- [TASK DESCRIPTION]:
Among the lines below, output only those between the line holding "OMAHA, NE - JUNE" and the line holding "Diamond and white", inclusive, exactly as written and with no pictures.

- [SUPPLIED ENTRIES]:

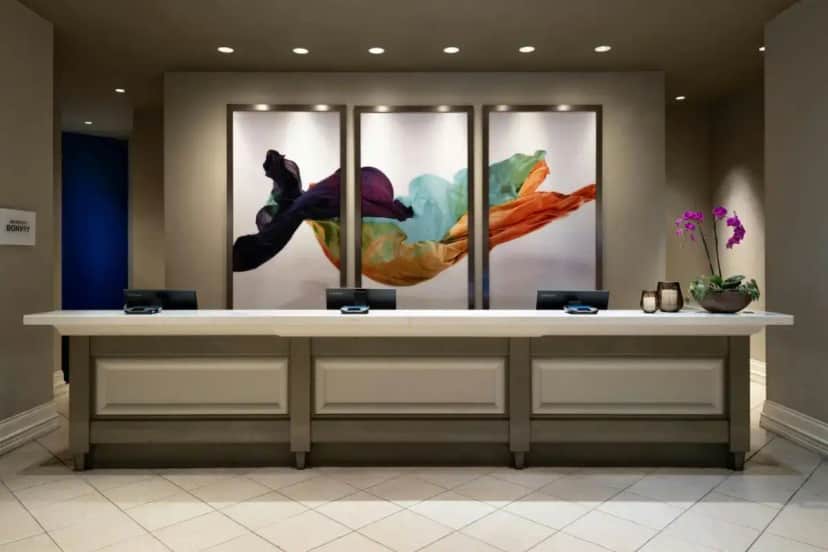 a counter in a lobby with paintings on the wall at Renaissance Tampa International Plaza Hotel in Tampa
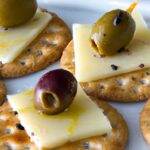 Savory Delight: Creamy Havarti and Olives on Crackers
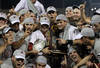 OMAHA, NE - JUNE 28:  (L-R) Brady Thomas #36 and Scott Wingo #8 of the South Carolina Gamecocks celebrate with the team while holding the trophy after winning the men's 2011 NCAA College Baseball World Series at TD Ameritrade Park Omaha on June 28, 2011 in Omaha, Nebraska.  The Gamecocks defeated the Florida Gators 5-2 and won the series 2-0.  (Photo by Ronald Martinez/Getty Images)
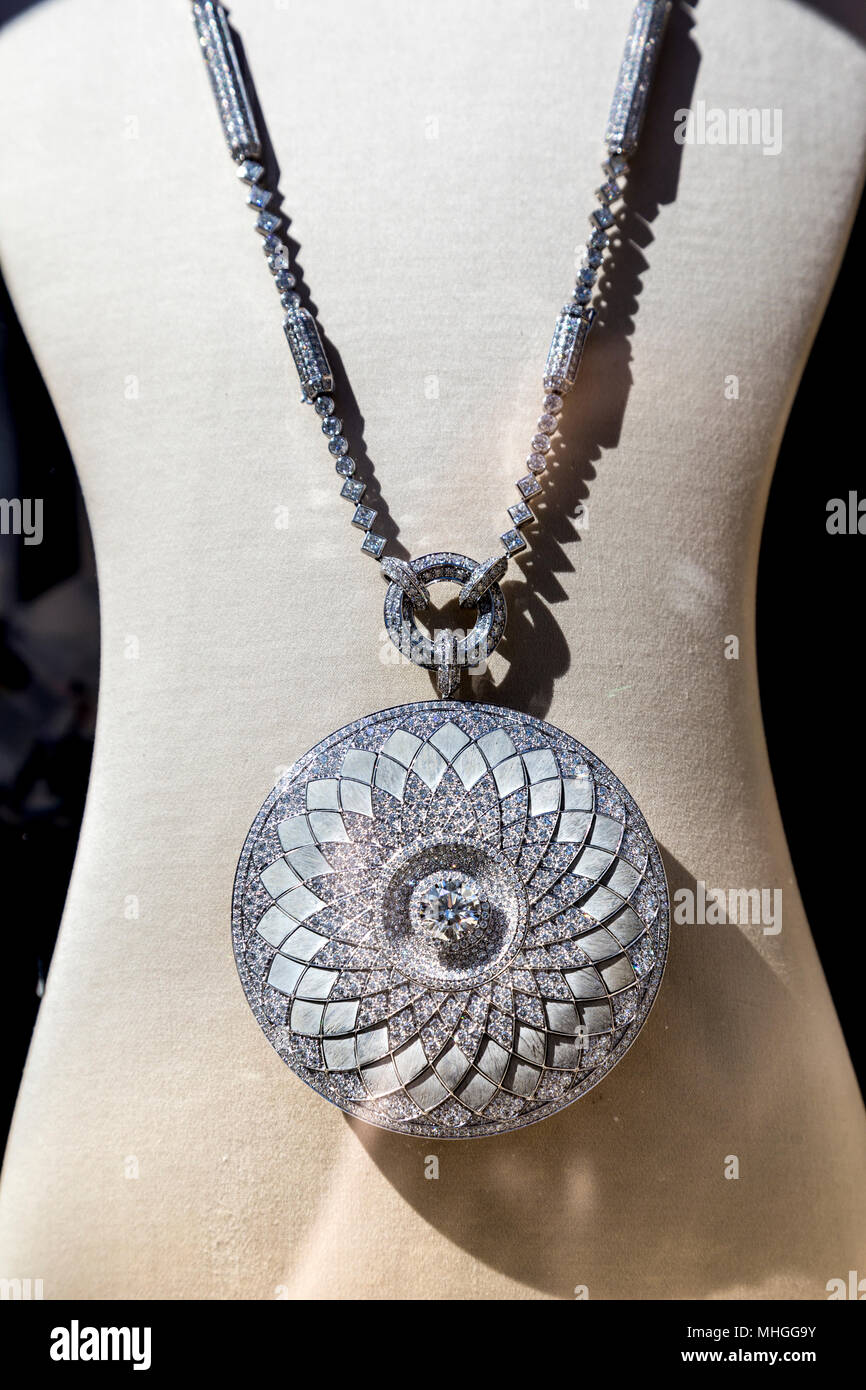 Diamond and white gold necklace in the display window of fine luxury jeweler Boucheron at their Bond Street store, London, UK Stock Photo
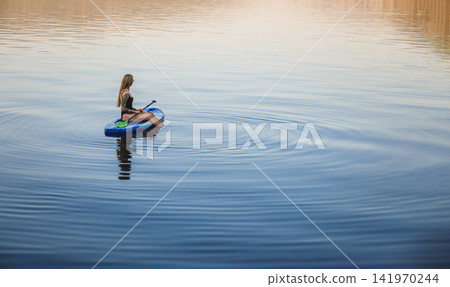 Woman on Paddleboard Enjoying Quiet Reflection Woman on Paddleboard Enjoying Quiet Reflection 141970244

==

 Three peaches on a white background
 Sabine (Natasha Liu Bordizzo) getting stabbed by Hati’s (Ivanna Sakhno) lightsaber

- [RESPONSE TO THE EXERCISE]:
 OMAHA, NE - JUNE 28:  (L-R) Brady Thomas #36 and Scott Wingo #8 of the South Carolina Gamecocks celebrate with the team while holding the trophy after winning the men's 2011 NCAA College Baseball World Series at TD Ameritrade Park Omaha on June 28, 2011 in Omaha, Nebraska.  The Gamecocks defeated the Florida Gators 5-2 and won the series 2-0.  (Photo by Ronald Martinez/Getty Images)
 Diamond and white gold necklace in the display window of fine luxury jeweler Boucheron at their Bond Street store, London, UK Stock Photo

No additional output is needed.